Les marchés financiers sont également soumis à des prophéties auto-réalisatrices : par exemple, si les opérateurs prévoient qu’un actif va s’apprécier, ils se portent acheteurs de cet actif, ce qui pousse son prix à la hausse. Ce mécanisme joue également à la baisse : l’anticipation de la baisse du cours des titres précipite les ventes sur le marché et la baisse des cours se produit alors réellement. Les comportements (et anticipations) mimétiques sur les marchés financiers peuvent générer une forte instabilité économique : durant les périodes d’optimisme, l’endettement risque de devenir excessif, tandis que le retournement brutal des marchés financiers peut provoquer un appauvrissement des agents économiques.
Il est admis qu’une partie de la décennie 2000 fut une période de transition entre la bulle technologique (2001-2003) et la bulle immobilière (2006-2007), entre deux crises financières.

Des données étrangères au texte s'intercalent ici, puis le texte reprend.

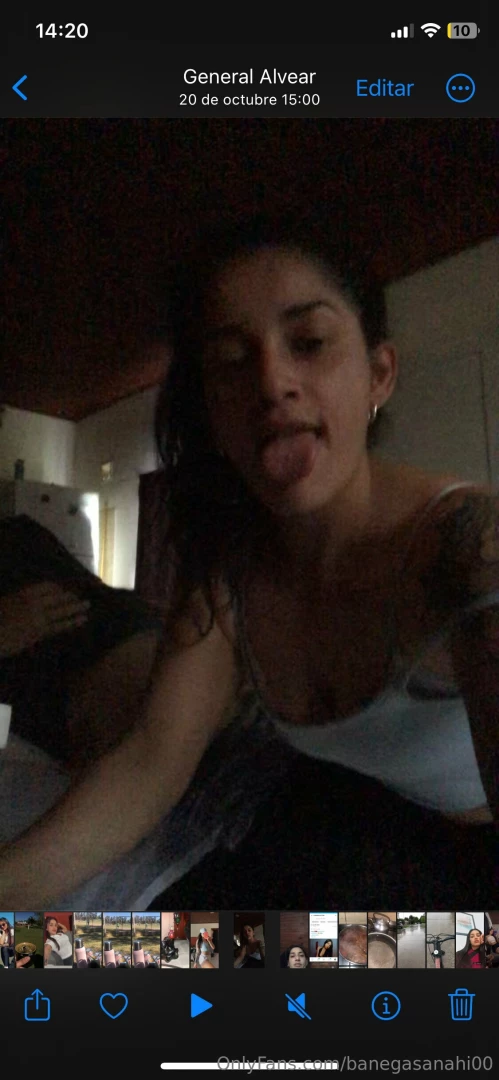 I open my tail very closely and touch everything until i put something 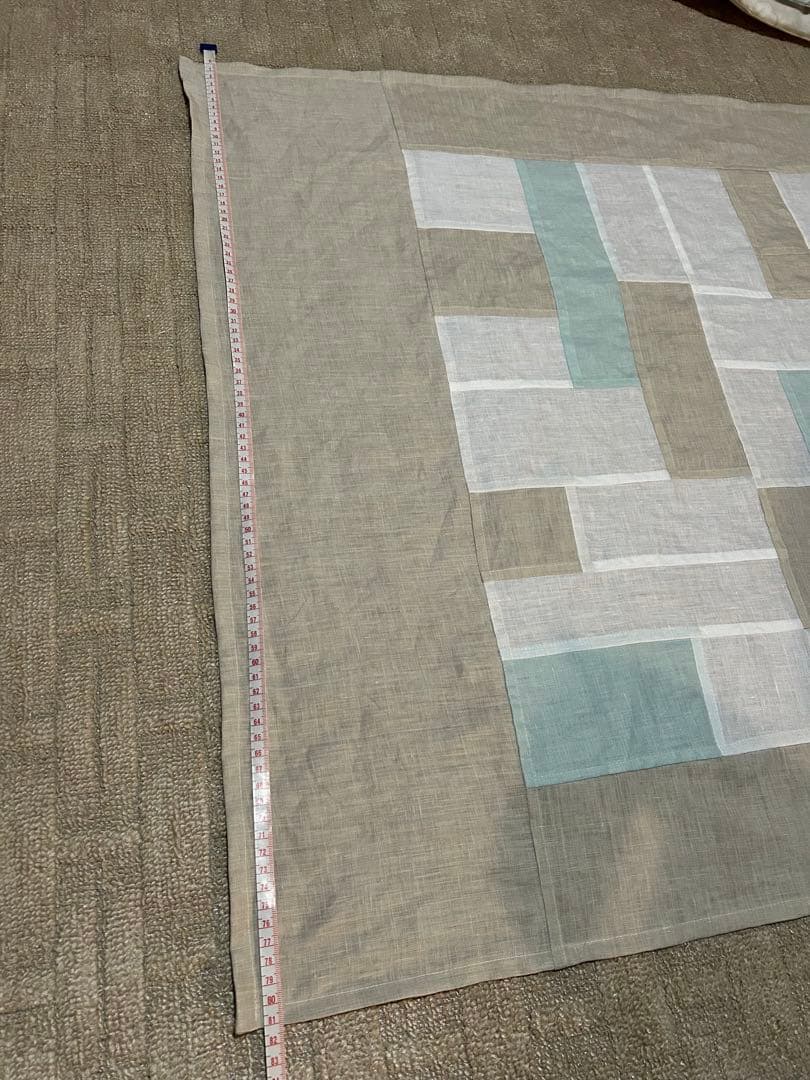 「かすみページです！！！」生成色とオフとペパーミントのポジャギ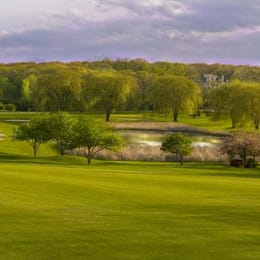 The Hawk Country Club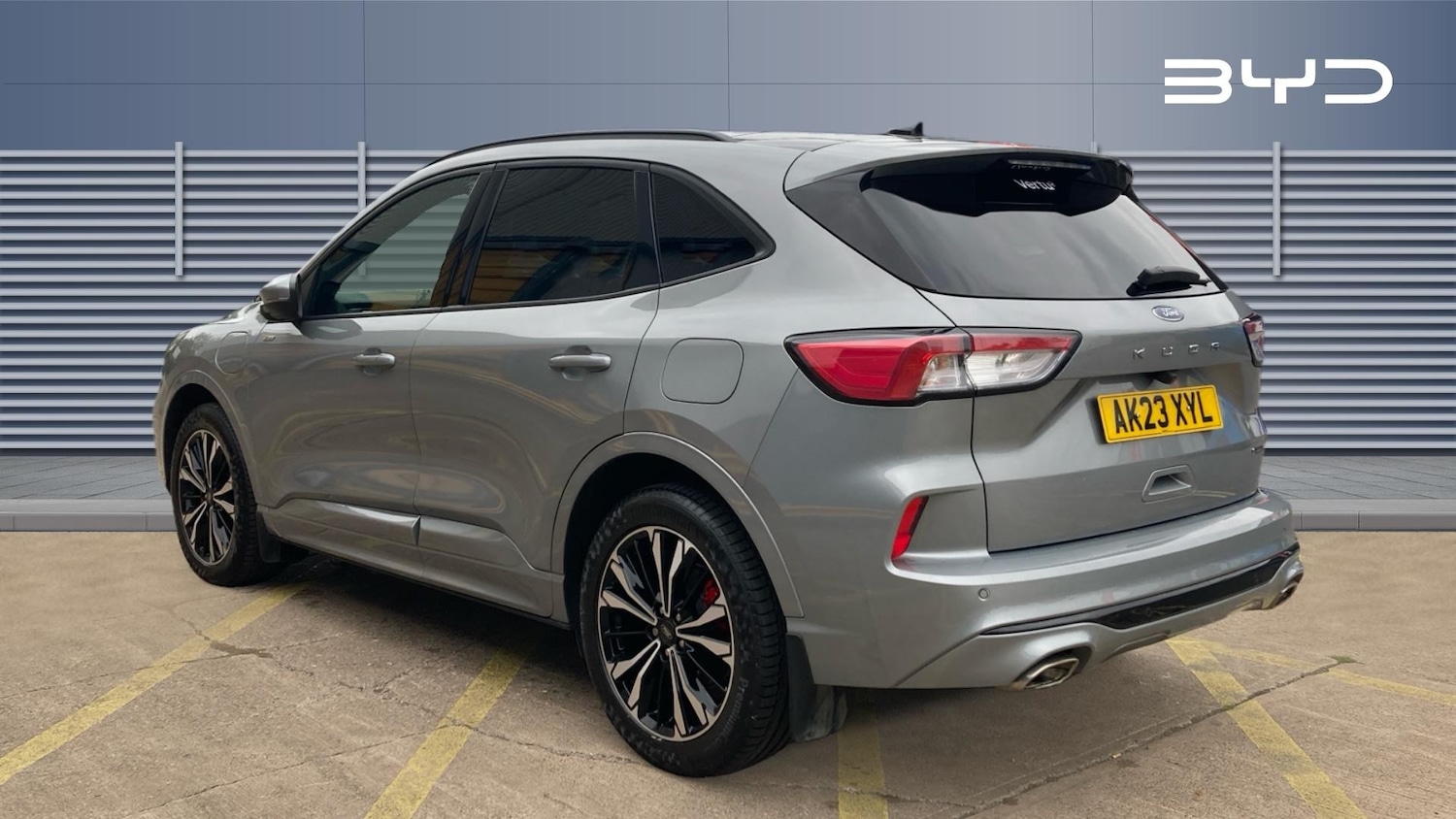 Used Ford Kuga 2023 for sale - 76796799: Photo 2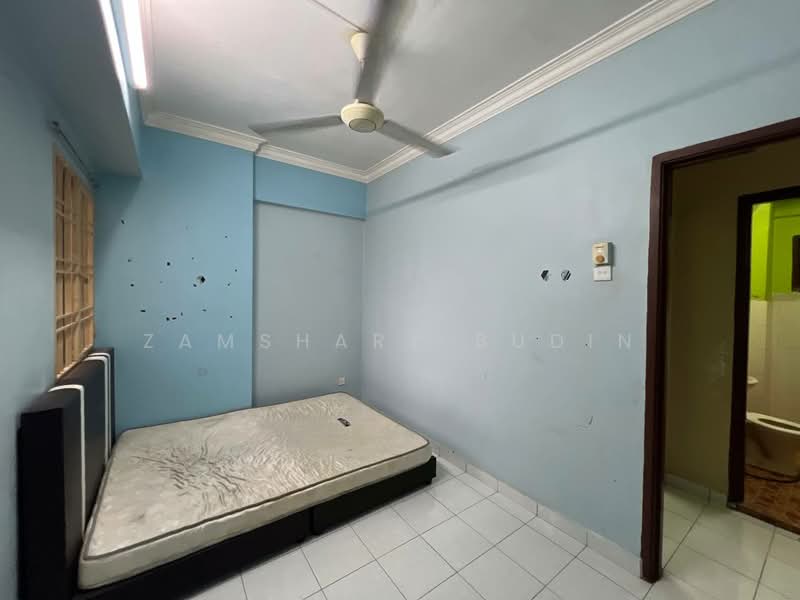 Apartment for Sale at Sri Dahlia - Zamshary Budin - Bedroom - PropertyGuru.com.my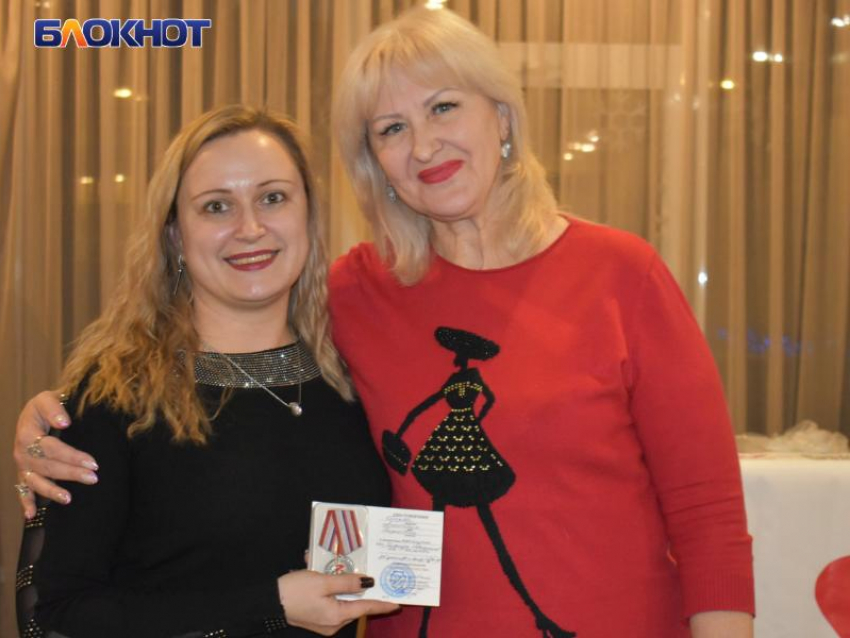 Добровольцев ДНР наградили медалями «Волонтер России»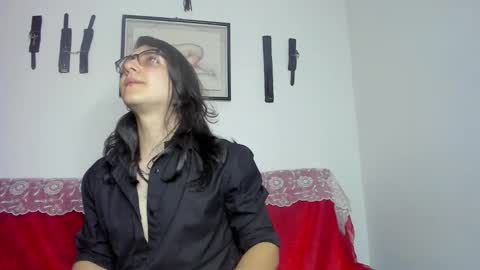 Amoneth online show from November 18, 2025, 8:13 pm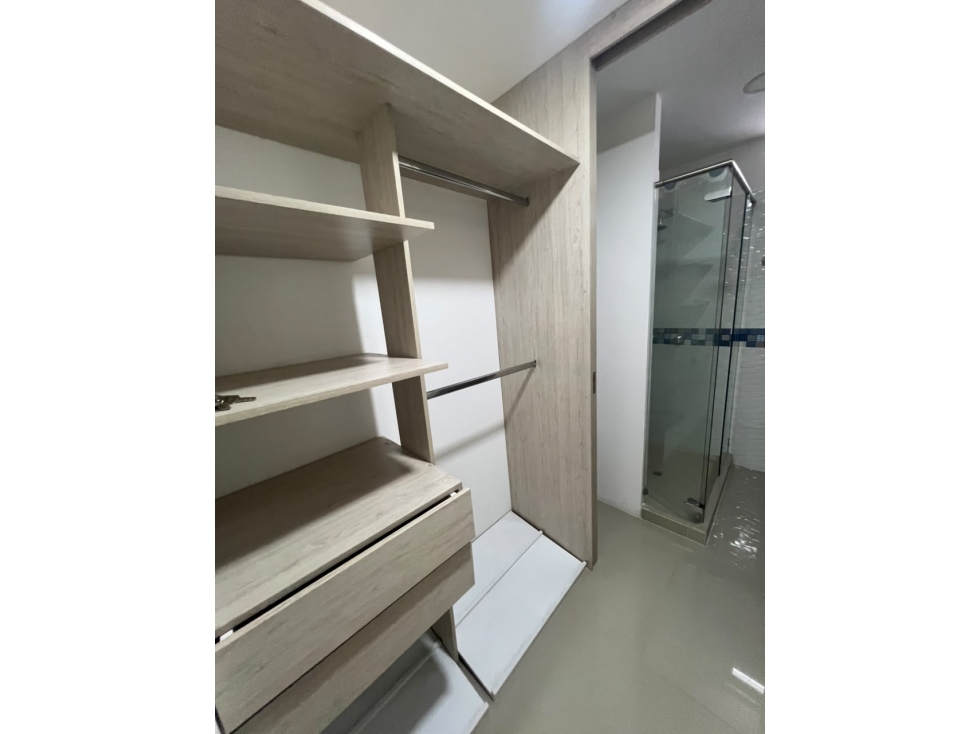 CASA DE TRES NIVELES EN RENTA - SECTOR SANTA ROSA, LA HERMOSA — foto 4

Pour de nombreux observateurs, certaines des origines profondes de la crise financière de 2007-2008 se trouvent dans la lutte contre les effets dévastateurs de la bulle technologique au tournant des années 2000, avec un usage excessif et bien trop durable de l’expansion monétaire, qui a produit, graduellement, les conditions pour qu’éclate la crise de l’immobilier américain en 2007. En réaction à la crise de la « nouvelle économie » (Internet, multimédia, etc.), qui se traduit par une très forte hausse des défauts des entreprises, les banques centrales américaine (FED, Réserve fédérale) et européenne (BCE) ont en effet mené des politiques monétaires très expansionnistes, surtout aux États-Unis, afin de contrecarrer l’éventualité d’une situation d’assèchement du marché interbancaire et donc du crédit : le « credit crunch ». Cette politique, si elle permet d’éviter le pire des scénarios à court terme, a ouvert la voie à une forte poussée de l’endettement des ménages jusqu’en 2007, en particulier l’endettement hypothécaire pour l’achat immobilier, puis de celui des entreprises. Cette hausse de l’endettement hypothécaire des ménages alimente la demande sur le marché immobilier (demande dans le secteur de la construction), laquelle provoque inéluctablement une hausse des prix des biens immobiliers. De surcroît, étant donné le fonctionnement du système d’endettement pour l’achat immobilier aux États-Unis, les plus-values en capital réalisées sur les reventes (effectives ou potentielles) de biens immobiliers augmentent les possibilités d'endettement des ménages. Depuis la dernière crise financière, de nombreux experts s’alarment d’ailleurs des risques des politiques monétaires très accommodantes et du niveau très bas des taux d’intérêt, à l’origine de la formation de nouvelles bulles spéculatives sur les marchés financiers et dans le secteur de l’immobilier.
En février 2020, les marchés boursiers ont connu des journées historiques de krach, mettant fin à une période de hausse de la valeur des titres : lors de ces journées, un phénomène de panique boursière a incité les investisseurs à vendre leurs actifs et le choc s’est transmis à l’ensemble des places financières mondiales. L’impact sur les marchés financiers de la crise du coronavirus montre ainsi comment le retournement des anticipations mimétiques et le jeu des prophéties auto-réalisatrices peuvent déclencher des phases fortes et rapides de décrue des cours.